Exercise inputs
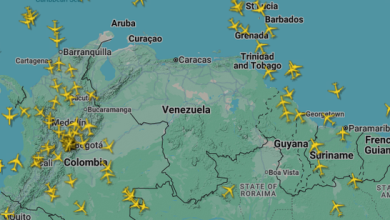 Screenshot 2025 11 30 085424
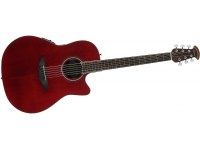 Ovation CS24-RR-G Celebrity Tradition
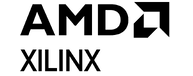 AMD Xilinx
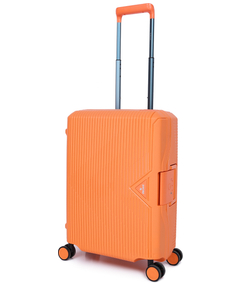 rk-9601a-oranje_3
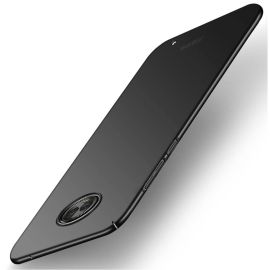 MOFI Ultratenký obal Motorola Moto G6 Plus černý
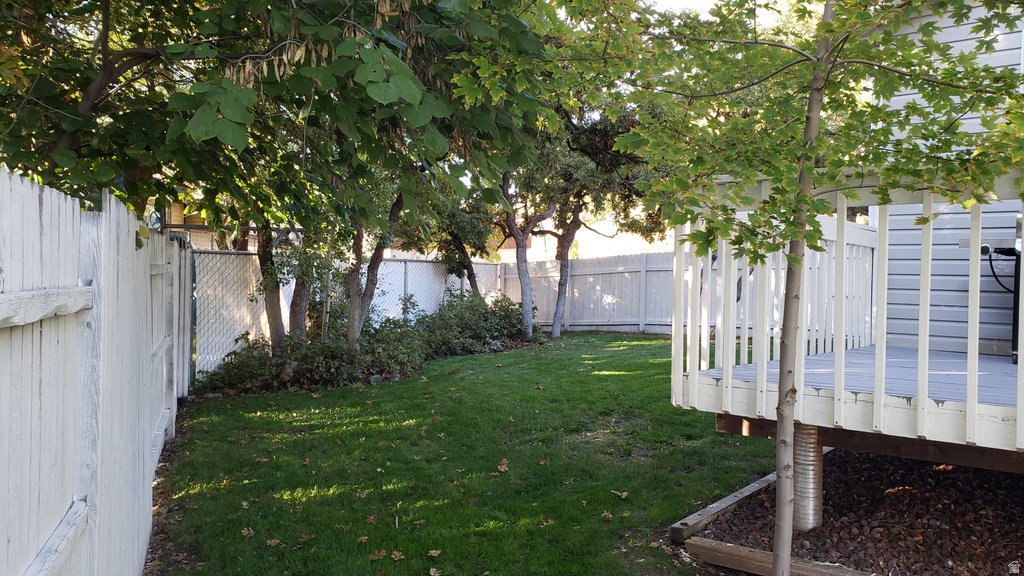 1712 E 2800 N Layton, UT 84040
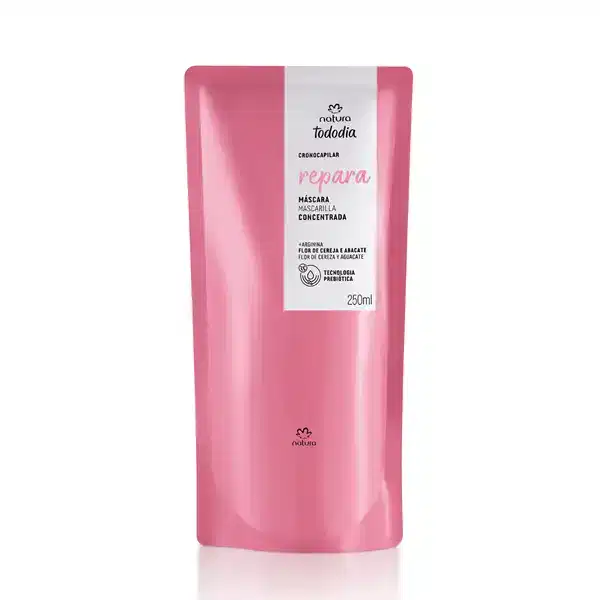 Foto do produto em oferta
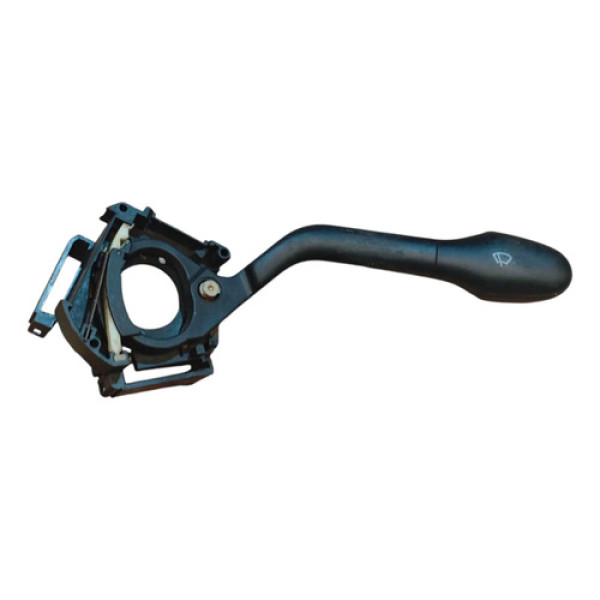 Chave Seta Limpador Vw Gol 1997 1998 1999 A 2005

--

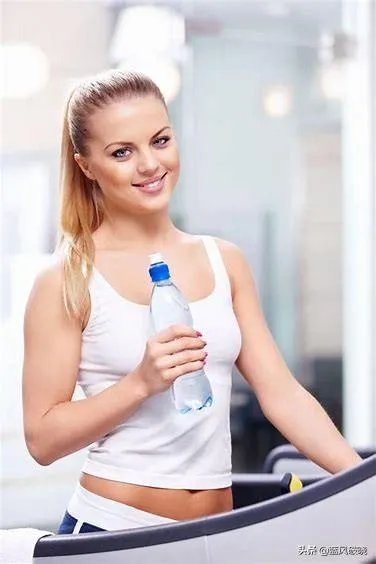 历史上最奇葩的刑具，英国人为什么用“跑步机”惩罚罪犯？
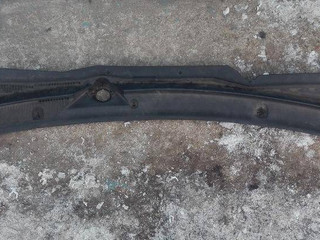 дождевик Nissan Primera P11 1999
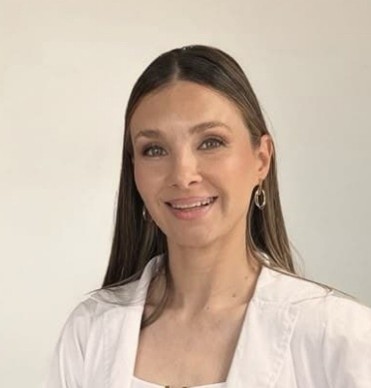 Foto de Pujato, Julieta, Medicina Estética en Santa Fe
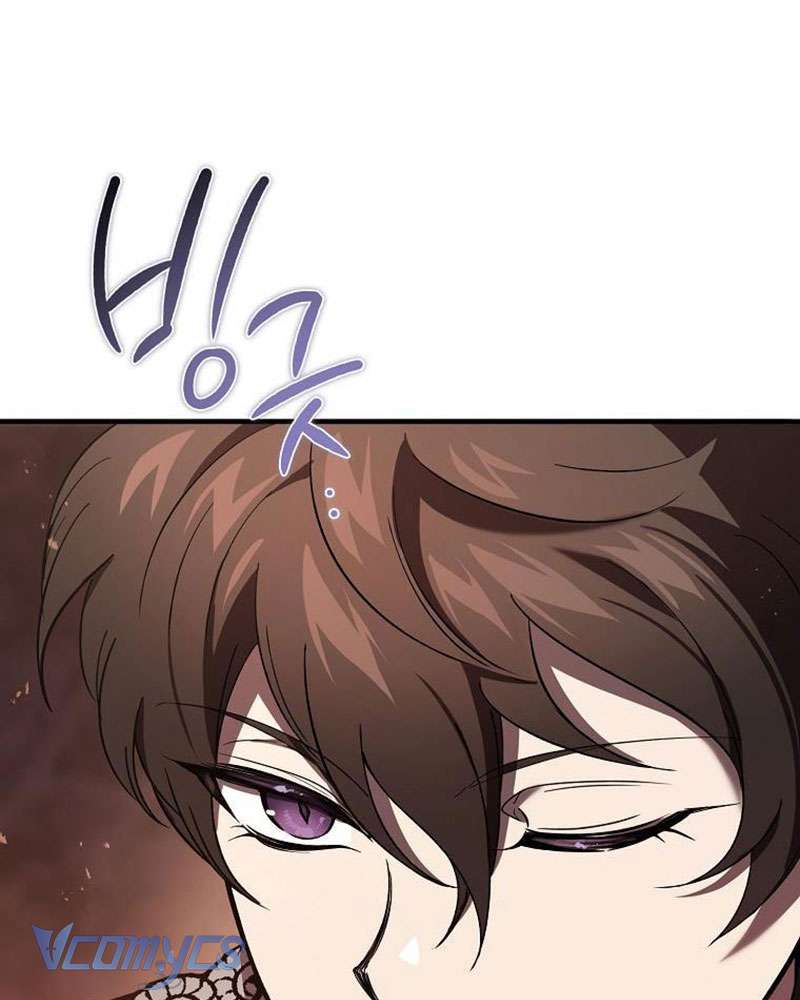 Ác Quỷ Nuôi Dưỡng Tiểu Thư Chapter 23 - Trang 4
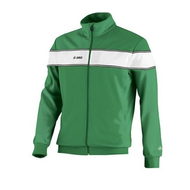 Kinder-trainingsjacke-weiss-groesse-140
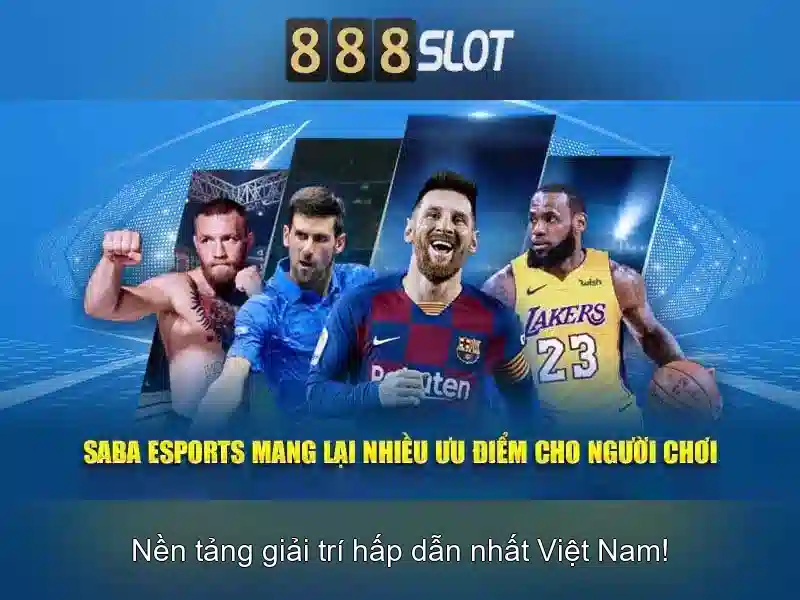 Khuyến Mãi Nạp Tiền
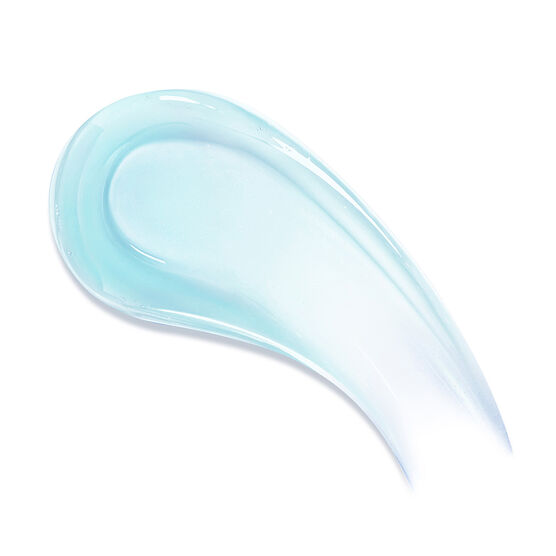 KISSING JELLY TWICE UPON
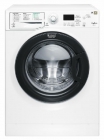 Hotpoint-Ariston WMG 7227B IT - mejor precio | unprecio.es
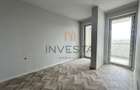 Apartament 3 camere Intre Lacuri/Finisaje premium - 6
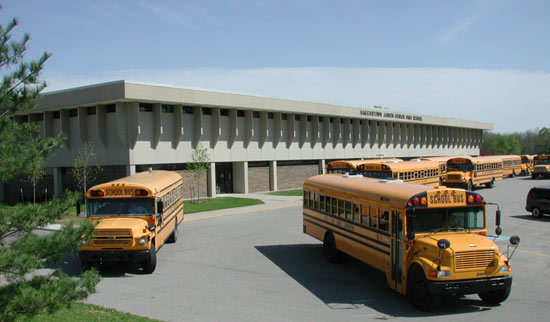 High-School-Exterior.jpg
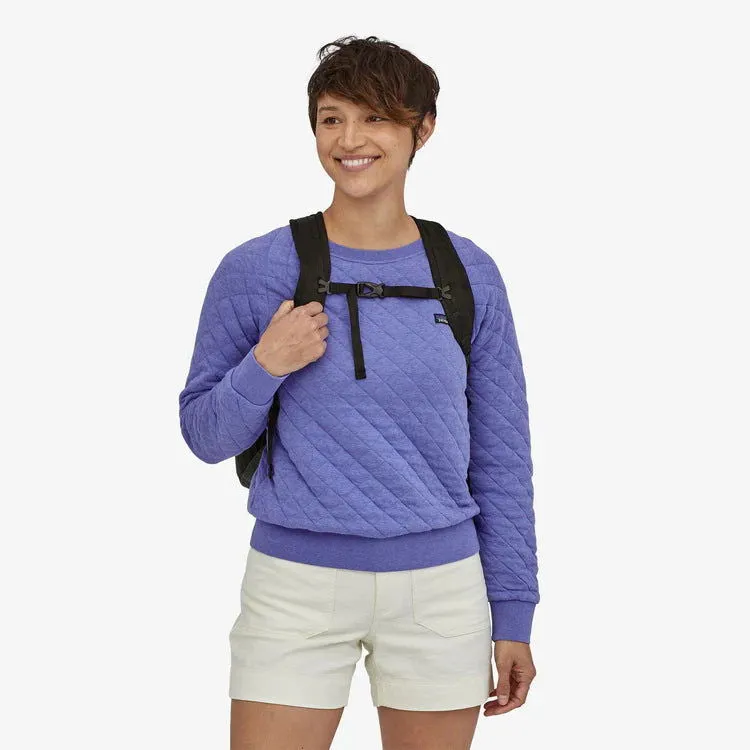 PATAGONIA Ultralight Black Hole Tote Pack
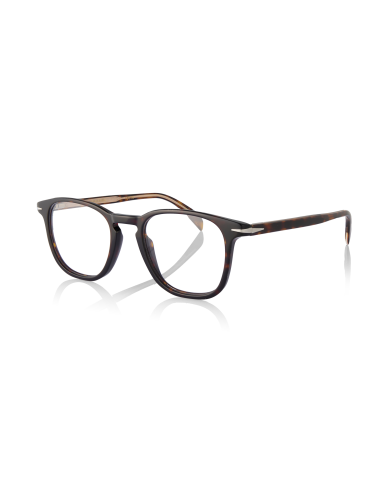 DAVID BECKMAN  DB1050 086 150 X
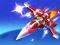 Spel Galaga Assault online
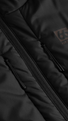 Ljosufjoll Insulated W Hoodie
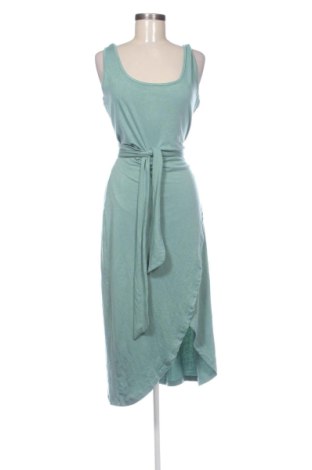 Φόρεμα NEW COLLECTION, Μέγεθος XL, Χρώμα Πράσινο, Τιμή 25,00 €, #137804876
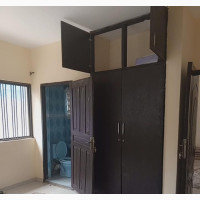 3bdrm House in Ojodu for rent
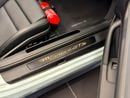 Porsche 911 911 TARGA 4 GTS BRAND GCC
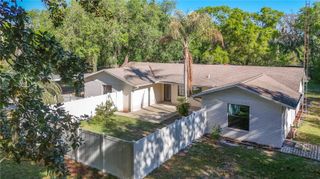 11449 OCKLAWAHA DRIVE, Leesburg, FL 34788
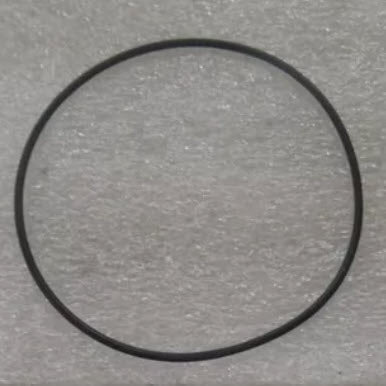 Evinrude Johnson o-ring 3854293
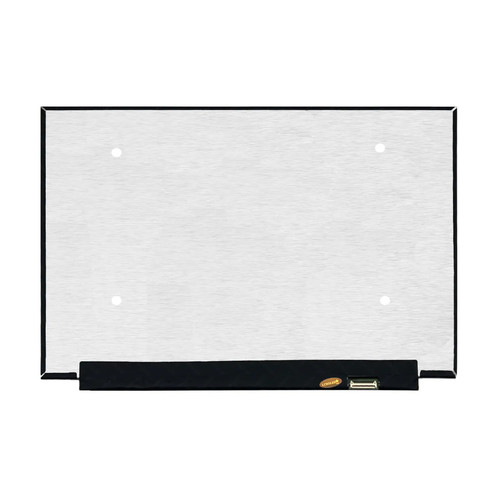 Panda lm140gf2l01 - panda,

Work instructions
Only the lines starting at the one with "Khuyến Mãi Nạp Tiền" and ending at the one with "3bdrm House in Ojodu for rent" should be printed, each exactly as it appears in the material above; the pictures are to be omitted.

Output of the task
 Khuyến Mãi Nạp Tiền
 KISSING JELLY TWICE UPON
 Hotpoint-Ariston WMG 7227B IT - mejor precio | unprecio.es
 Apartament 3 camere Intre Lacuri/Finisaje premium - 6
 High-School-Exterior.jpg
 PATAGONIA Ultralight Black Hole Tote Pack
 DAVID BECKMAN  DB1050 086 150 X
 Spel Galaga Assault online
 Ljosufjoll Insulated W Hoodie
 Φόρεμα NEW COLLECTION, Μέγεθος XL, Χρώμα Πράσινο, Τιμή 25,00 €, #137804876
 3bdrm House in Ojodu for rent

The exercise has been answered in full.